> Work request
Reproduce word for word the lines between the one containing "手染め注染浴衣3点セット utatane×注染工房 等間しじら 草色に露芝小菊" and the end of the entries below, both inclusive; leave out pictures.

[Short descriptive text snippets]
^^^^^^^^^^^^^^^^

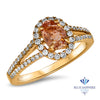 0.96ct Oval Padparadscha Ring with Diamond Halo in 18K Rose Gold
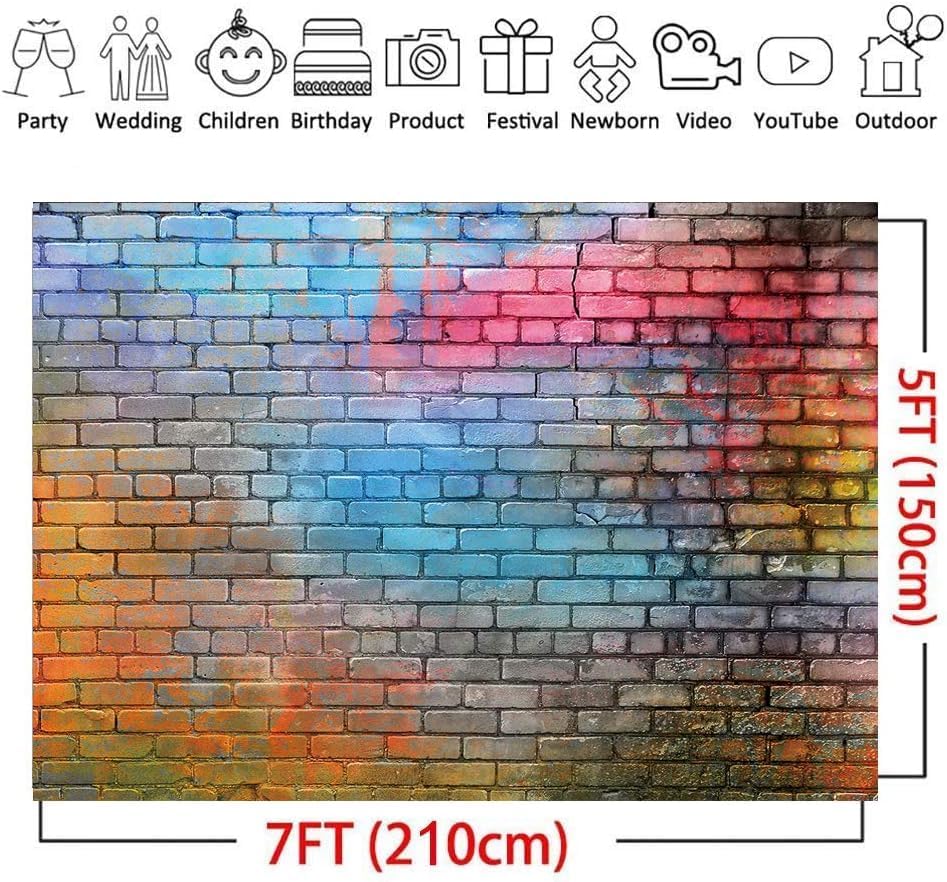LTLYH 7x5ft Colorful Brick Wall Photo Backdrop Colorful Graffiti Brick Wall Backdrop Urban Street Art Background for Photography Hip Hop Party Graffiti Theme Event Studio Wall Decor Backdrop 081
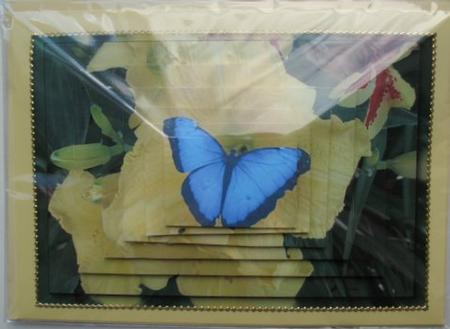 Blue Butterfly Pyramid Card Sheet by Mary Murphy
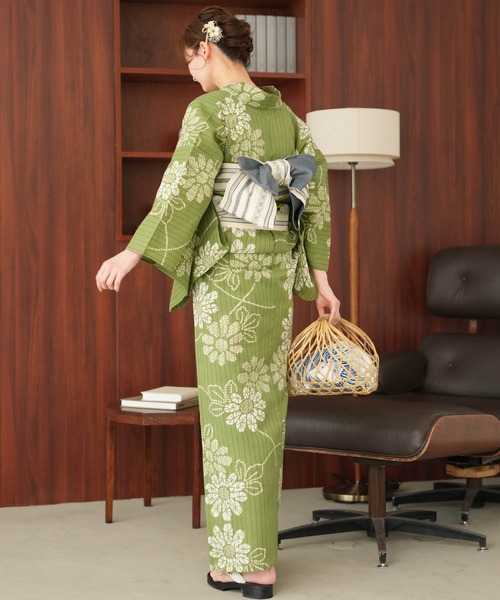 手染め注染浴衣3点セット utatane×注染工房 等間しじら 草色に露芝小菊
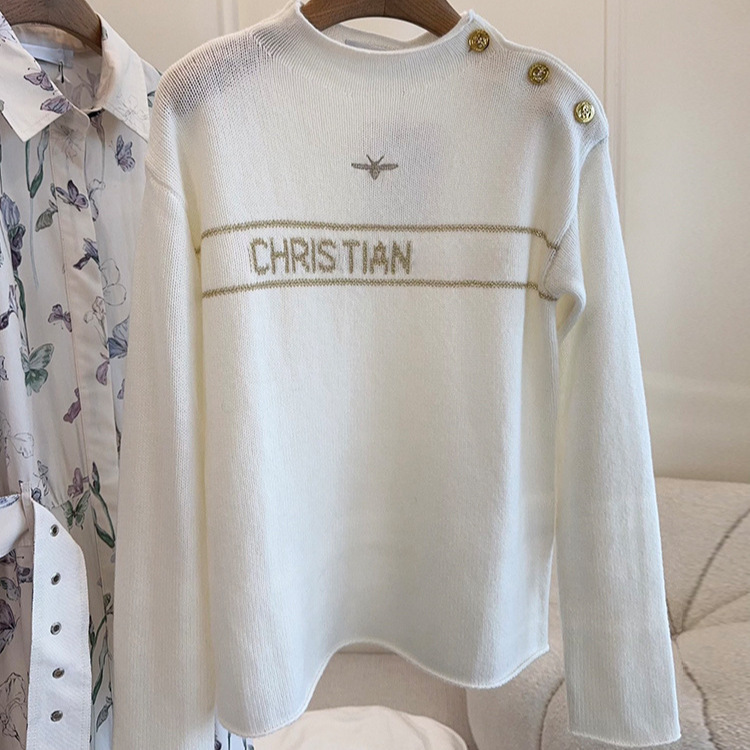 Non-Market Goods~Shenzhen Nanyou High-End European Women's Clothing Christmas Limited Edition Little Bee Jacquard Shoulder Button Cashmere Sweater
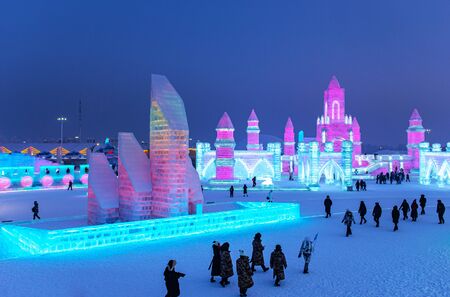 HARBIN, CHINA - JAN 15, 2020: Harbin International Ice and Snow Sculpture Festival is an annual winter festival that takes place in Harbin. It is the world largest ice and snow festival.のeditorial素材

^^^^^^^^^^^^^^^^

> Answer to this task
 手染め注染浴衣3点セット utatane×注染工房 等間しじら 草色に露芝小菊
 Non-Market Goods~Shenzhen Nanyou High-End European Women's Clothing Christmas Limited Edition Little Bee Jacquard Shoulder Button Cashmere Sweater
 HARBIN, CHINA - JAN 15, 2020: Harbin International Ice and Snow Sculpture Festival is an annual winter festival that takes place in Harbin. It is the world largest ice and snow festival.のeditorial素材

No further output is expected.